My response (Y) is an ordinal variable with 8 levels. I have the group variable
(X), and for every subject (S), I have two measurments, representing the two
eyes !
I need to run a model to compare the different treatments, while taking into
account the inner correlation within a subject, and I need to do it with STATA
12.
I was thinking about mixed models, however no matter what I tried, I got error
messages. I would like to ask, what is the syntax I need to write in order to
run a mixed model of Y=bX+e where e~N(0,R). The correlation between the eyes is
0.6, there is no structure since it's only 2 measurments. This model assumes
normallity, it's the best I could think of, is there a better model in STATA for
my ordinal scale ?
--------------------------------------------------------------------------------
In addition to what Jay and Joerg have mentioned, you can scan through the
do-file below to glean some ideas on how to proceed. (Start at the
"Begin here" comment. The first portion just sets up a fake dataset for
illustration.)
If you have reason to believe that there will be a left-right difference (for
example, different doses of a topical ophthalmic drug are instilled into each
eye), then you can use the treatment-by-side interaction term in the model.

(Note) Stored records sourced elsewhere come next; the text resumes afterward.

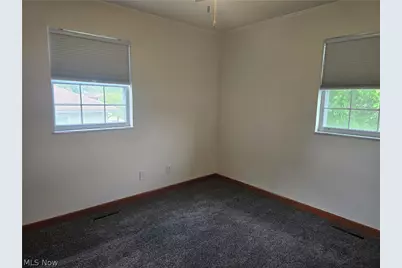 206 E 5th Street, Williamstown, WV 26187 - Photo 8
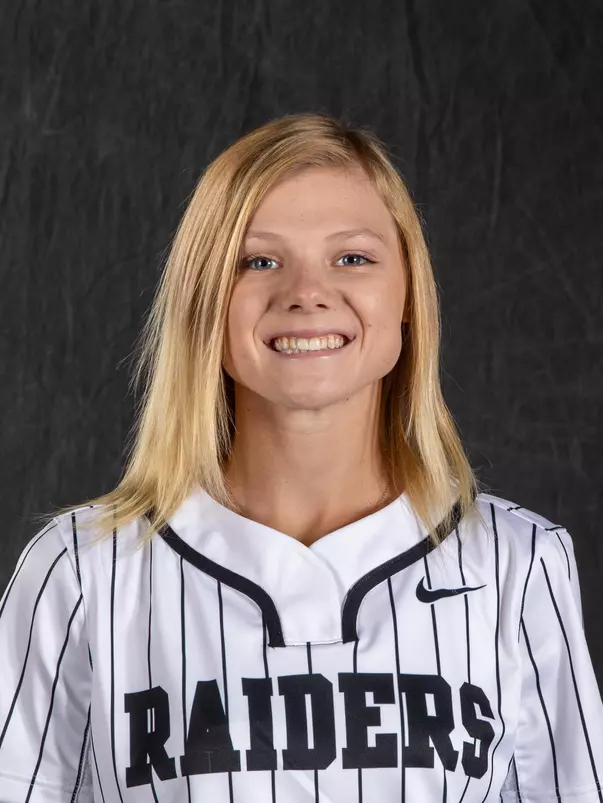 2022 Laura Mealer Headshot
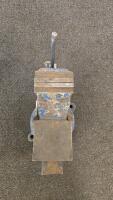 Swordfish Brand TBV-201 Bench Vise, 125mm Jaw Width, Swivel Base, Cast Iron, Made In China - 7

Otherwise, I would sum the left and right eyes' scores for a single response per
patient. This has a couple of advantages. First, sumscores are more likely to
be more normal-like (think: Rensis Likert), albeit, as Jay mentions, with eight
categories, you might not need to worry a whole lot about that. (Do check your
residuals.) Second, you can use ordinary least squares linear regression.
If you're writing clinical protocol's "Statistical Considerations" section or
the associated statistical analysis plan, then another consideration is the
potential for a clinic-by-treatment interaction. Referees (whether for
scientific journals or in government health ministries) usually want this
addressed. For the same audience, you'll need to think carefully about the
delta, regardless of whether you're conducting so-called noninferiority
comparisons between your different treatments.
Joseph Coveney
version 11.2
clear *
set more off
set seed `=date("2012-10-06", "YMD")'
quietly set obs 210
generate int pid = _n
generate byte group = mod(_n, 3)
generate double u = rnormal()
forvalues side = 0/1 {
generate double latent`side' = ///
0.5 * (group != 0) + ///
0 * (`side' - 1/2) + ///
1 * u + ///
1 * rnormal()
}
quietly reshape long latent, i(pid) j(side)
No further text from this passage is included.